--- SOURCE RECORDS ---

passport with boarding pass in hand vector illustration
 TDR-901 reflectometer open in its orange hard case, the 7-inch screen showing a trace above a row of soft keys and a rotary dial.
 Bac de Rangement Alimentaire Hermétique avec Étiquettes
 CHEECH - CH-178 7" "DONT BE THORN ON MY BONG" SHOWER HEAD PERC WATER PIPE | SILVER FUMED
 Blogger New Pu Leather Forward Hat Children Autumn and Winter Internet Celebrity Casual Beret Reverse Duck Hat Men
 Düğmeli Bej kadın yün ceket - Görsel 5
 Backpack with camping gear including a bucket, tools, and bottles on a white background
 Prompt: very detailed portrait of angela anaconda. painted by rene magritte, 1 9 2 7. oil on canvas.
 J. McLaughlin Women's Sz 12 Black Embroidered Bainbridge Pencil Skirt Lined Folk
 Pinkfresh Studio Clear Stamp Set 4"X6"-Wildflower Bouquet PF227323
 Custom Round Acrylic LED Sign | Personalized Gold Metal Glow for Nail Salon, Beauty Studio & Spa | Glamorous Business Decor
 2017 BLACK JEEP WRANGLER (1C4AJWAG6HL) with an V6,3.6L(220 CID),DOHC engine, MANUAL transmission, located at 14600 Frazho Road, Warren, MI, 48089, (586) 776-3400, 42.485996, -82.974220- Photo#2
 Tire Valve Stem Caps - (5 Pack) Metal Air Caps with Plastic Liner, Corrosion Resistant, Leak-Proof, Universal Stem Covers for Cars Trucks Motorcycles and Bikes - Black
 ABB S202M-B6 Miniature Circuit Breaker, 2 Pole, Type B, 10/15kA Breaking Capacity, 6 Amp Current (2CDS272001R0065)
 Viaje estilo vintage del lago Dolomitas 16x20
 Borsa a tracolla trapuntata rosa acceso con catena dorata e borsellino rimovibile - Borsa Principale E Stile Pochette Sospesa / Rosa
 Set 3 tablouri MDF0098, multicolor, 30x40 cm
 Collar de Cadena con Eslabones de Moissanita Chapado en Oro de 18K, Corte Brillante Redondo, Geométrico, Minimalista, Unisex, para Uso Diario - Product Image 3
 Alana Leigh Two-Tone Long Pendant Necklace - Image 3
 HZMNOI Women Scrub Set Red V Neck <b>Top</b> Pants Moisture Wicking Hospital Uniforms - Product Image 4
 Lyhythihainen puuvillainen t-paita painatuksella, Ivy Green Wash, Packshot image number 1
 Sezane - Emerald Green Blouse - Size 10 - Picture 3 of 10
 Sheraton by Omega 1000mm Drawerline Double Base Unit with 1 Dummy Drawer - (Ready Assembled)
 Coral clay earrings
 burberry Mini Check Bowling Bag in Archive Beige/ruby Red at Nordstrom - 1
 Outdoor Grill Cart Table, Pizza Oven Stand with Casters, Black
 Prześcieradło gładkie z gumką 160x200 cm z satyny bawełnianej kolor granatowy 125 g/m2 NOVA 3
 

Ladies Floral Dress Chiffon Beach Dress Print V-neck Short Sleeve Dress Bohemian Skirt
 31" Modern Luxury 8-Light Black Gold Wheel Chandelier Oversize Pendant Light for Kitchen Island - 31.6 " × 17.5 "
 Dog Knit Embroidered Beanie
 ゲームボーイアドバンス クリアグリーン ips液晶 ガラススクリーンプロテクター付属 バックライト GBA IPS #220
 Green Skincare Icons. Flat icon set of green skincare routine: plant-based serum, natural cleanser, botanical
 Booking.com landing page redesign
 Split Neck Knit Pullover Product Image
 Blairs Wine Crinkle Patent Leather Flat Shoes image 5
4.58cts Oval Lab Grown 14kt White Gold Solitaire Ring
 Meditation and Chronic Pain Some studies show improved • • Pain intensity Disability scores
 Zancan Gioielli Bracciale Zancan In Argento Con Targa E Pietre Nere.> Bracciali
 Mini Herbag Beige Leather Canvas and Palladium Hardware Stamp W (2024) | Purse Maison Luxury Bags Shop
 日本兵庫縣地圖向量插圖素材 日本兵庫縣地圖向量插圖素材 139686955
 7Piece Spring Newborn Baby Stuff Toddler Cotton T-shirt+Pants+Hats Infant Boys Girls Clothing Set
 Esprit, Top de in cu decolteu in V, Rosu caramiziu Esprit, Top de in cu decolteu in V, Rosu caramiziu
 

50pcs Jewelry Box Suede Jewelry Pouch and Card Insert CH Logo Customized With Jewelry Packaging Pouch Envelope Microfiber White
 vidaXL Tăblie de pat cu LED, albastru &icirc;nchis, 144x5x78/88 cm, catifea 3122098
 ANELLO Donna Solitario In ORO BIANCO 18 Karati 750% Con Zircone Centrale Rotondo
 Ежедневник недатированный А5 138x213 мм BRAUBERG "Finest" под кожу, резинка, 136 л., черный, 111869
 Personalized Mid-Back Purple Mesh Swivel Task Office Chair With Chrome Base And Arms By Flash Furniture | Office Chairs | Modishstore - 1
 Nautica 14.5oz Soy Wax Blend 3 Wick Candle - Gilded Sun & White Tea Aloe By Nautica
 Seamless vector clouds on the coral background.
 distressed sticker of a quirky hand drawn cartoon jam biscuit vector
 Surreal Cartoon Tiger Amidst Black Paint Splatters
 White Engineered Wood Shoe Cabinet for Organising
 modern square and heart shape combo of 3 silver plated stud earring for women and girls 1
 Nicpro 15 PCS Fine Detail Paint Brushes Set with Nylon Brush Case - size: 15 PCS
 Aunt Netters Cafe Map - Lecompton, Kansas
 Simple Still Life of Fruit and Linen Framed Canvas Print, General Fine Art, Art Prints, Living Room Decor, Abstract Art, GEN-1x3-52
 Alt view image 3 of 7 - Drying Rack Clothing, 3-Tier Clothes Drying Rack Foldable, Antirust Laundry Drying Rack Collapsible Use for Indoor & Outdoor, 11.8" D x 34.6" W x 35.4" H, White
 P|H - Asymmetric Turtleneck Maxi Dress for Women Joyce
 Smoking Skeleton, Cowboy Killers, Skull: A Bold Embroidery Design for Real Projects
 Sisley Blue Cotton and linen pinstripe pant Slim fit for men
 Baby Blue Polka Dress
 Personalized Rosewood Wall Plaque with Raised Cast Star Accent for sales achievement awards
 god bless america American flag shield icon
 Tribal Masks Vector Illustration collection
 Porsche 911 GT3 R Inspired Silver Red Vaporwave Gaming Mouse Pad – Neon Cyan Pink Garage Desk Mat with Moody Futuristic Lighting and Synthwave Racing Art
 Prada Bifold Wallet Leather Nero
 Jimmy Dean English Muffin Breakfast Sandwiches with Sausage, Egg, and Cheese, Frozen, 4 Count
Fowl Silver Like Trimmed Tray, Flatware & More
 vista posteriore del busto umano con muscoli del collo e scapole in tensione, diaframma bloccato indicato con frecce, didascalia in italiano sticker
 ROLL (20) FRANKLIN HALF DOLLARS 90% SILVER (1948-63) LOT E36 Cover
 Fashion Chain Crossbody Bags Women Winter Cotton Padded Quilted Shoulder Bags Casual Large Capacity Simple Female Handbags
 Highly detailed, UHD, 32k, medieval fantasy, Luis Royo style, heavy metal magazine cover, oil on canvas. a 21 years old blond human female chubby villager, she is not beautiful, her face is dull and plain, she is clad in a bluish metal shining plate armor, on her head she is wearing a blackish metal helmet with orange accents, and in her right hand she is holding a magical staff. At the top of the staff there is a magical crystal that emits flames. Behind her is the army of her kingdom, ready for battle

---

### EXERCISE REQUIREMENTS:
Write all of the data above again, exactly as given.

### FINISHED TASK:
passport with boarding pass in hand vector illustration
 TDR-901 reflectometer open in its orange hard case, the 7-inch screen showing a trace above a row of soft keys and a rotary dial.
 Bac de Rangement Alimentaire Hermétique avec Étiquettes
 CHEECH - CH-178 7" "DONT BE THORN ON MY BONG" SHOWER HEAD PERC WATER PIPE | SILVER FUMED
 Blogger New Pu Leather Forward Hat Children Autumn and Winter Internet Celebrity Casual Beret Reverse Duck Hat Men
 Düğmeli Bej kadın yün ceket - Görsel 5
 Backpack with camping gear including a bucket, tools, and bottles on a white background
 Prompt: very detailed portrait of angela anaconda. painted by rene magritte, 1 9 2 7. oil on canvas.
 J. McLaughlin Women's Sz 12 Black Embroidered Bainbridge Pencil Skirt Lined Folk
 Pinkfresh Studio Clear Stamp Set 4"X6"-Wildflower Bouquet PF227323
 Custom Round Acrylic LED Sign | Personalized Gold Metal Glow for Nail Salon, Beauty Studio & Spa | Glamorous Business Decor
 2017 BLACK JEEP WRANGLER (1C4AJWAG6HL) with an V6,3.6L(220 CID),DOHC engine, MANUAL transmission, located at 14600 Frazho Road, Warren, MI, 48089, (586) 776-3400, 42.485996, -82.974220- Photo#2
 Tire Valve Stem Caps - (5 Pack) Metal Air Caps with Plastic Liner, Corrosion Resistant, Leak-Proof, Universal Stem Covers for Cars Trucks Motorcycles and Bikes - Black
 ABB S202M-B6 Miniature Circuit Breaker, 2 Pole, Type B, 10/15kA Breaking Capacity, 6 Amp Current (2CDS272001R0065)
 Viaje estilo vintage del lago Dolomitas 16x20
 Borsa a tracolla trapuntata rosa acceso con catena dorata e borsellino rimovibile - Borsa Principale E Stile Pochette Sospesa / Rosa
 Set 3 tablouri MDF0098, multicolor, 30x40 cm
 Collar de Cadena con Eslabones de Moissanita Chapado en Oro de 18K, Corte Brillante Redondo, Geométrico, Minimalista, Unisex, para Uso Diario - Product Image 3
 Alana Leigh Two-Tone Long Pendant Necklace - Image 3
 HZMNOI Women Scrub Set Red V Neck <b>Top</b> Pants Moisture Wicking Hospital Uniforms - Product Image 4
 Lyhythihainen puuvillainen t-paita painatuksella, Ivy Green Wash, Packshot image number 1
 Sezane - Emerald Green Blouse - Size 10 - Picture 3 of 10
 Sheraton by Omega 1000mm Drawerline Double Base Unit with 1 Dummy Drawer - (Ready Assembled)
 Coral clay earrings
 burberry Mini Check Bowling Bag in Archive Beige/ruby Red at Nordstrom - 1
 Outdoor Grill Cart Table, Pizza Oven Stand with Casters, Black
 Prześcieradło gładkie z gumką 160x200 cm z satyny bawełnianej kolor granatowy 125 g/m2 NOVA 3
 

Ladies Floral Dress Chiffon Beach Dress Print V-neck Short Sleeve Dress Bohemian Skirt
 31" Modern Luxury 8-Light Black Gold Wheel Chandelier Oversize Pendant Light for Kitchen Island - 31.6 " × 17.5 "
 Dog Knit Embroidered Beanie
 ゲームボーイアドバンス クリアグリーン ips液晶 ガラススクリーンプロテクター付属 バックライト GBA IPS #220
 Green Skincare Icons. Flat icon set of green skincare routine: plant-based serum, natural cleanser, botanical
 Booking.com landing page redesign
 Split Neck Knit Pullover Product Image
 Blairs Wine Crinkle Patent Leather Flat Shoes image 5
4.58cts Oval Lab Grown 14kt White Gold Solitaire Ring
 Meditation and Chronic Pain Some studies show improved • • Pain intensity Disability scores
 Zancan Gioielli Bracciale Zancan In Argento Con Targa E Pietre Nere.> Bracciali
 Mini Herbag Beige Leather Canvas and Palladium Hardware Stamp W (2024) | Purse Maison Luxury Bags Shop
 日本兵庫縣地圖向量插圖素材 日本兵庫縣地圖向量插圖素材 139686955
 7Piece Spring Newborn Baby Stuff Toddler Cotton T-shirt+Pants+Hats Infant Boys Girls Clothing Set
 Esprit, Top de in cu decolteu in V, Rosu caramiziu Esprit, Top de in cu decolteu in V, Rosu caramiziu
 

50pcs Jewelry Box Suede Jewelry Pouch and Card Insert CH Logo Customized With Jewelry Packaging Pouch Envelope Microfiber White
 vidaXL Tăblie de pat cu LED, albastru &icirc;nchis, 144x5x78/88 cm, catifea 3122098
 ANELLO Donna Solitario In ORO BIANCO 18 Karati 750% Con Zircone Centrale Rotondo
 Ежедневник недатированный А5 138x213 мм BRAUBERG "Finest" под кожу, резинка, 136 л., черный, 111869
 Personalized Mid-Back Purple Mesh Swivel Task Office Chair With Chrome Base And Arms By Flash Furniture | Office Chairs | Modishstore - 1
 Nautica 14.5oz Soy Wax Blend 3 Wick Candle - Gilded Sun & White Tea Aloe By Nautica
 Seamless vector clouds on the coral background.
 distressed sticker of a quirky hand drawn cartoon jam biscuit vector
 Surreal Cartoon Tiger Amidst Black Paint Splatters
 White Engineered Wood Shoe Cabinet for Organising
 modern square and heart shape combo of 3 silver plated stud earring for women and girls 1
 Nicpro 15 PCS Fine Detail Paint Brushes Set with Nylon Brush Case - size: 15 PCS
 Aunt Netters Cafe Map - Lecompton, Kansas
 Simple Still Life of Fruit and Linen Framed Canvas Print, General Fine Art, Art Prints, Living Room Decor, Abstract Art, GEN-1x3-52
 Alt view image 3 of 7 - Drying Rack Clothing, 3-Tier Clothes Drying Rack Foldable, Antirust Laundry Drying Rack Collapsible Use for Indoor & Outdoor, 11.8" D x 34.6" W x 35.4" H, White
 P|H - Asymmetric Turtleneck Maxi Dress for Women Joyce
 Smoking Skeleton, Cowboy Killers, Skull: A Bold Embroidery Design for Real Projects
 Sisley Blue Cotton and linen pinstripe pant Slim fit for men
 Baby Blue Polka Dress
 Personalized Rosewood Wall Plaque with Raised Cast Star Accent for sales achievement awards
 god bless america American flag shield icon
 Tribal Masks Vector Illustration collection
 Porsche 911 GT3 R Inspired Silver Red Vaporwave Gaming Mouse Pad – Neon Cyan Pink Garage Desk Mat with Moody Futuristic Lighting and Synthwave Racing Art
 Prada Bifold Wallet Leather Nero
 Jimmy Dean English Muffin Breakfast Sandwiches with Sausage, Egg, and Cheese, Frozen, 4 Count
Fowl Silver Like Trimmed Tray, Flatware & More
 vista posteriore del busto umano con muscoli del collo e scapole in tensione, diaframma bloccato indicato con frecce, didascalia in italiano sticker
 ROLL (20) FRANKLIN HALF DOLLARS 90% SILVER (1948-63) LOT E36 Cover
 Fashion Chain Crossbody Bags Women Winter Cotton Padded Quilted Shoulder Bags Casual Large Capacity Simple Female Handbags
 Highly detailed, UHD, 32k, medieval fantasy, Luis Royo style, heavy metal magazine cover, oil on canvas. a 21 years old blond human female chubby villager, she is not beautiful, her face is dull and plain, she is clad in a bluish metal shining plate armor, on her head she is wearing a blackish metal helmet with orange accents, and in her right hand she is holding a magical staff. At the top of the staff there is a magical crystal that emits flames. Behind her is the army of her kingdom, ready for battle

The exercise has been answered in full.